Gros mensonge
3 Avril 2013 , Rédigé par Fred Sabourin Publié dans #l'évènement
- Arbre à Bouge - (36)
Un jour, quand j’étais petit – environ 7 ou 8 ans je crois – j’ai dit un gros mensonge, et je l’ai soutenu à mon père, les yeux dans les yeux. C’était dans le Lot-et-Garonne, où nous vivions quelques années. Dans le jardin de la maison familiale, il y avait un mimosa, comme beaucoup de jardins de ce coin de Gascogne. C’était un jeune mimosa, et ses branches basses étaient à portée d’escalade pour le jeune garçon que j’étais à l’époque.

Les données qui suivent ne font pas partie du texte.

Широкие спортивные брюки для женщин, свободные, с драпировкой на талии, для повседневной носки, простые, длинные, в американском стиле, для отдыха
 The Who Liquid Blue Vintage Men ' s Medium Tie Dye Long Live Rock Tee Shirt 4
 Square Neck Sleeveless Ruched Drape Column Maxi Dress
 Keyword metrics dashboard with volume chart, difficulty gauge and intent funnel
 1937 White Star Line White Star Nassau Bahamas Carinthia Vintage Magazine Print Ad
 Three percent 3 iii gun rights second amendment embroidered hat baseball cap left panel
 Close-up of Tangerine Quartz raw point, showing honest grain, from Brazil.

Mon père m’avait bien mis en garde : les branches étaient faibles, souples, elles pouvaient casser. Je ne devais pas monter dans l’arbre. Comme la relative souplesse des branches faisaient un effet ressort, j’aimais y monter quand même, lorsqu’il ne me voyait pas, et je rebondissais sur les branches basses. Un jour, peu avant de reprendre l’école entre midi et deux comme on disait, j’ai joué dans l’arbre. La branche a cassé. Je me suis trouvé très con, et je suis parti à l’école sans rien dire à personne. J’avais l’estomac noué, et j’ai passé un sale après midi à imaginer ce que j’allais pouvoir dire à mon père quand il verrait cela. Ça n’a pas raté : le soir, je suis rentré, mon père aussi. Il a fait le tour du jardin, avec ses chiens, comme il en avait l'habitude. Il a vu la branche du mimosa, pendante dans l’herbe. Il m’a demandé si c’était moi qui l’avais cassée, connaissant déjà la réponse. Alors j’ai dit : « non, ce sont les chiens, en jouant, qui l’ont cassée. » Mon père, abasourdi par cette énormité, m’a fait répéter. Et j’ai maintenu la même version débile, énorme, mais avec un aplomb et une effronterie telle qu’il ne savait plus quoi faire. Il m’a demandé, les yeux dans les yeux, si je ne mentais pas. J’ai dit : « non, papa, je te jure, je ne mens pas. » « Menteur ! » s’était-il écrié. J’ai été privé de sortie dans le jardin et de télévision pendant 8 jours. Mon père ne m’avait pas cru. Il avait sévi, point. Et il est allé couper la branche à raz le tronc. Je suis resté avec mon remord longtemps, très longtemps, et aujourd’hui, bêtement, en repensant à cette histoire j’en éprouve encore, même si mon père n’est plus là et qu’il m’avait sûrement pardonné, au fond. Mais je lui avais menti, et juré le contraire.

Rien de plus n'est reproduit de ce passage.